▸ What you should do: Output only the lines that run from the line holding "SOPPSLEV, silver med" to the end of the data below, including both ends, without any pictures.

★ ★ ★

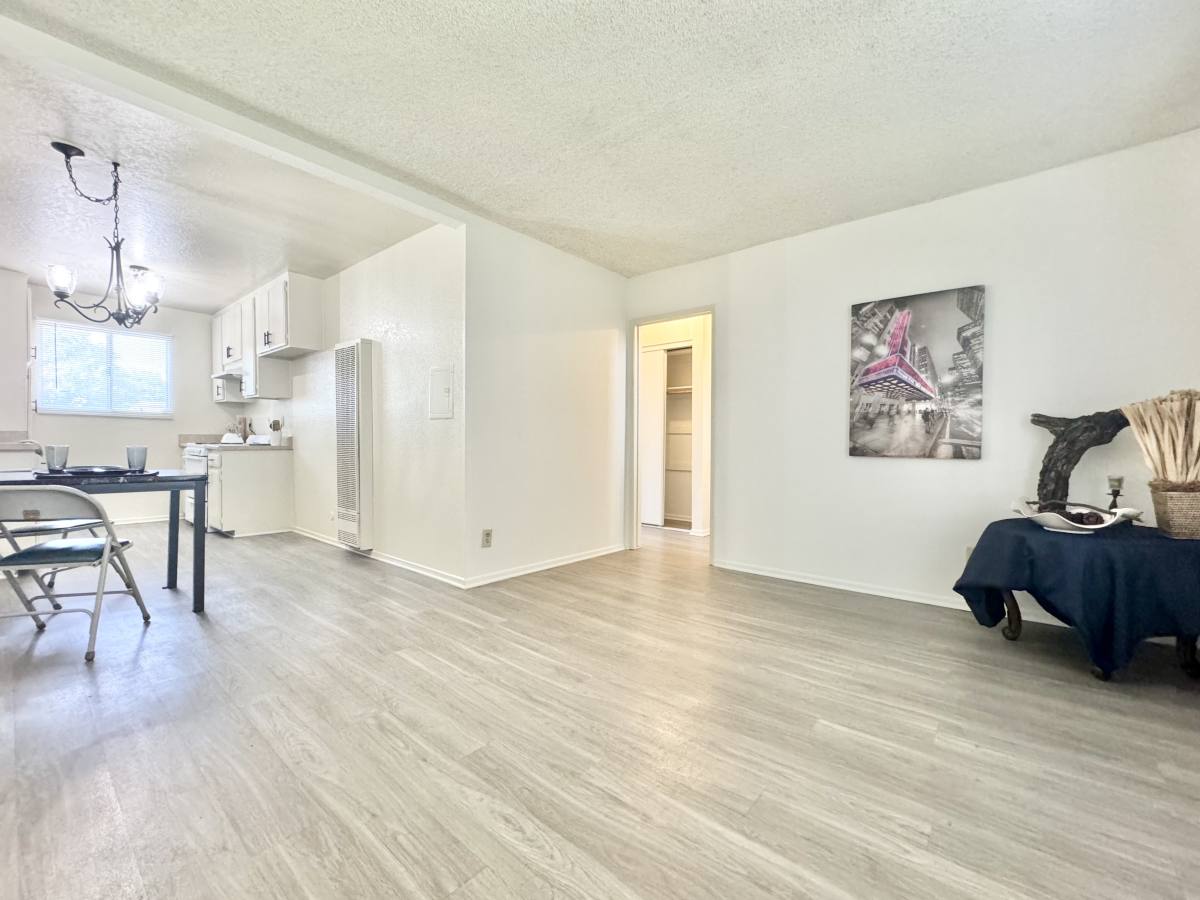 Apartment for rent at 18545 Burbank Blvd #20, Tarzana, CA 91356
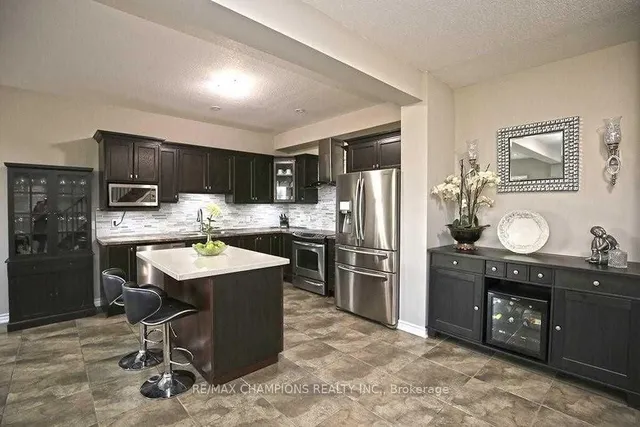 Additional image 4 of 115 Medici Lane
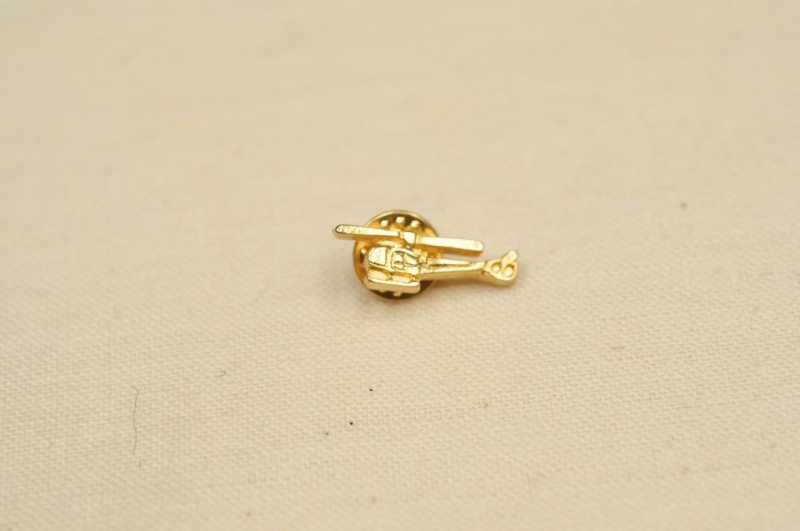 Pin elicottero oro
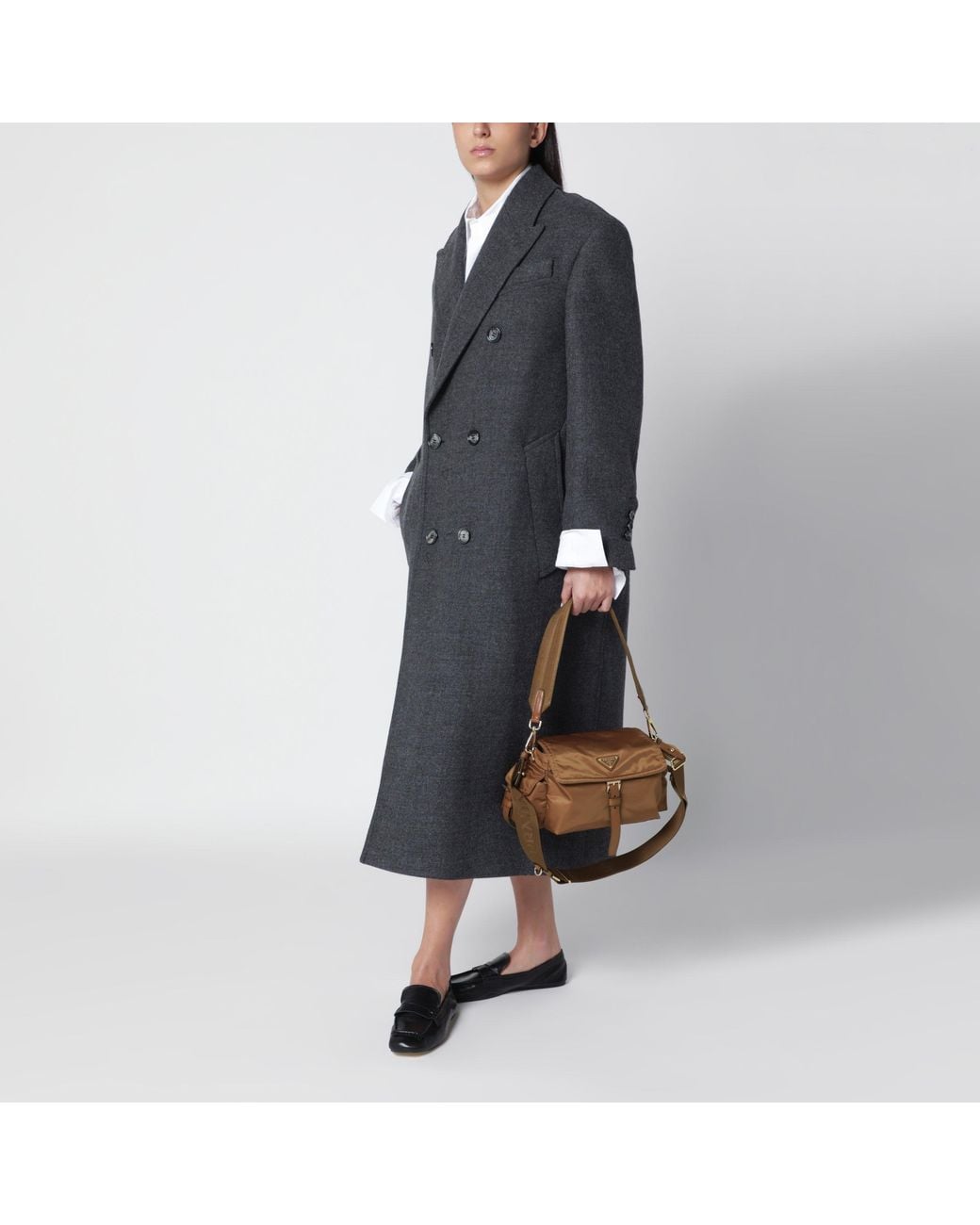 Borsa Explore Medium di Prada in Brown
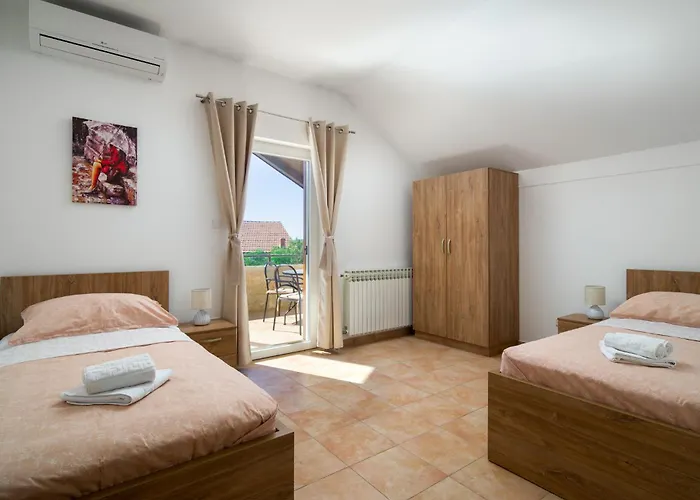 My Dalmatia - Olea With Private Heated Pool And Sauna Velika Cista (Sibenik-Knin)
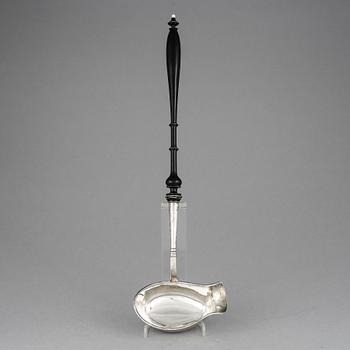 SOPPSLEV, silver med träskaft, svenska stämplar, 1901.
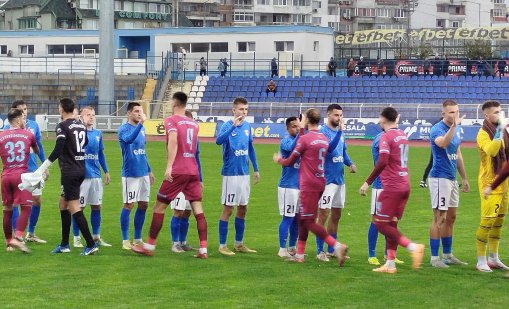 Спартак падна изненадващо от борещия се за оцеляване Септември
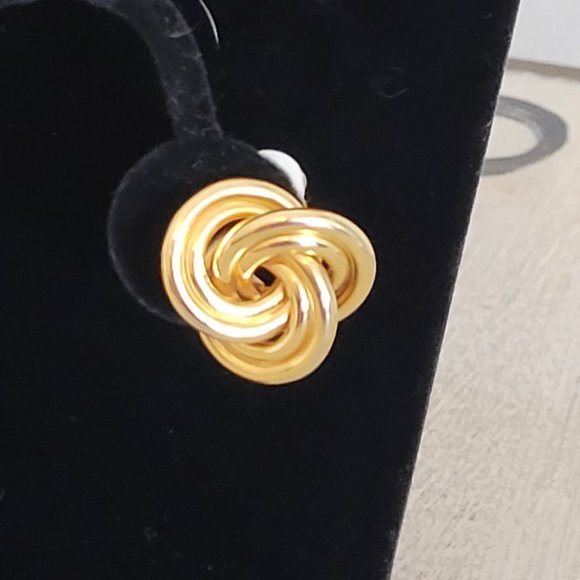 Erwin Pearl Knot Earrings - Picture 4 of 9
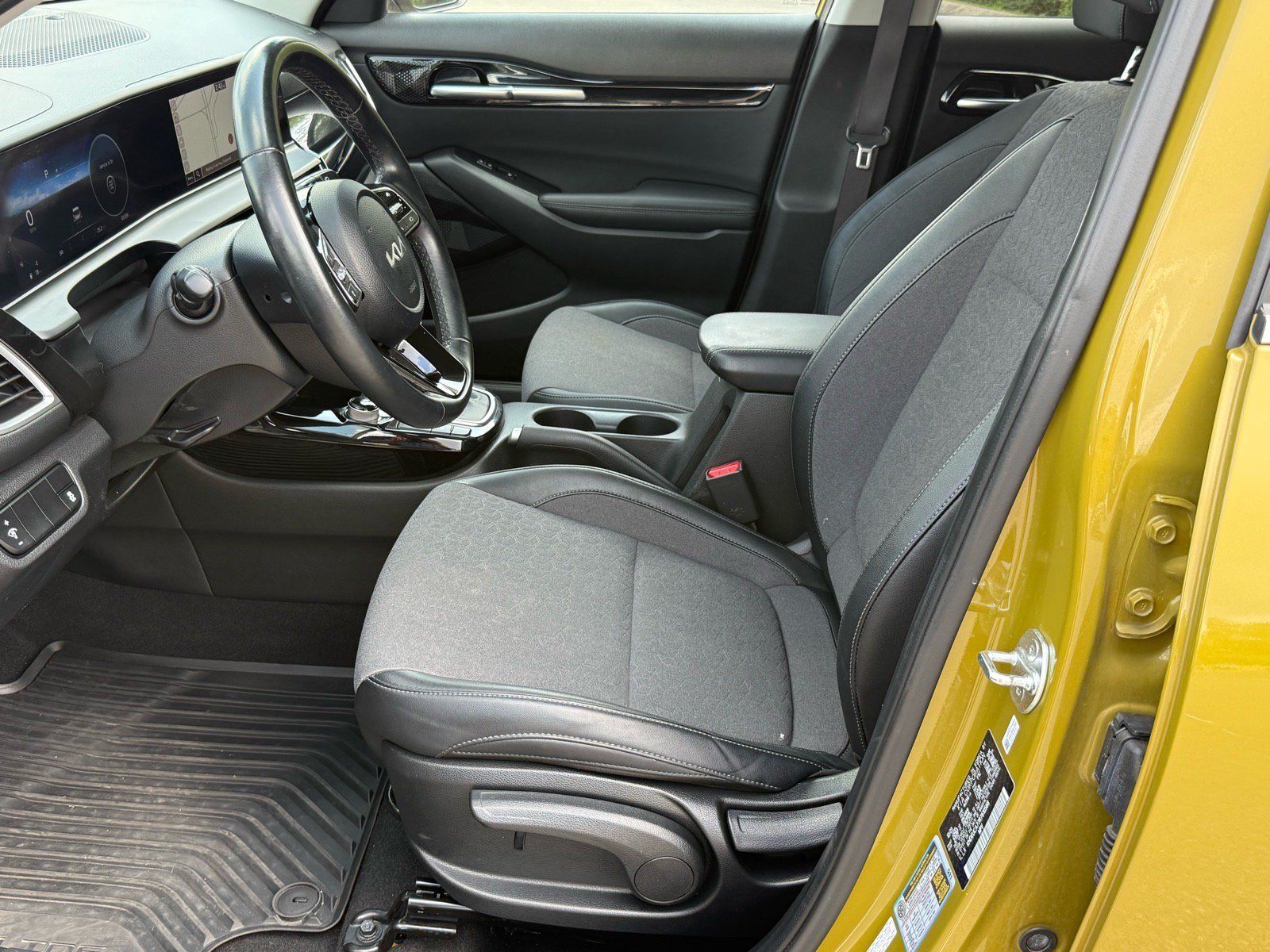 Used 2024 Kia Seltos X-Line AWD/4WD image 12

★ ★ ★

▸ Output for this exercise:
 SOPPSLEV, silver med träskaft, svenska stämplar, 1901.
 Спартак падна изненадващо от борещия се за оцеляване Септември
 Erwin Pearl Knot Earrings - Picture 4 of 9
 Used 2024 Kia Seltos X-Line AWD/4WD image 12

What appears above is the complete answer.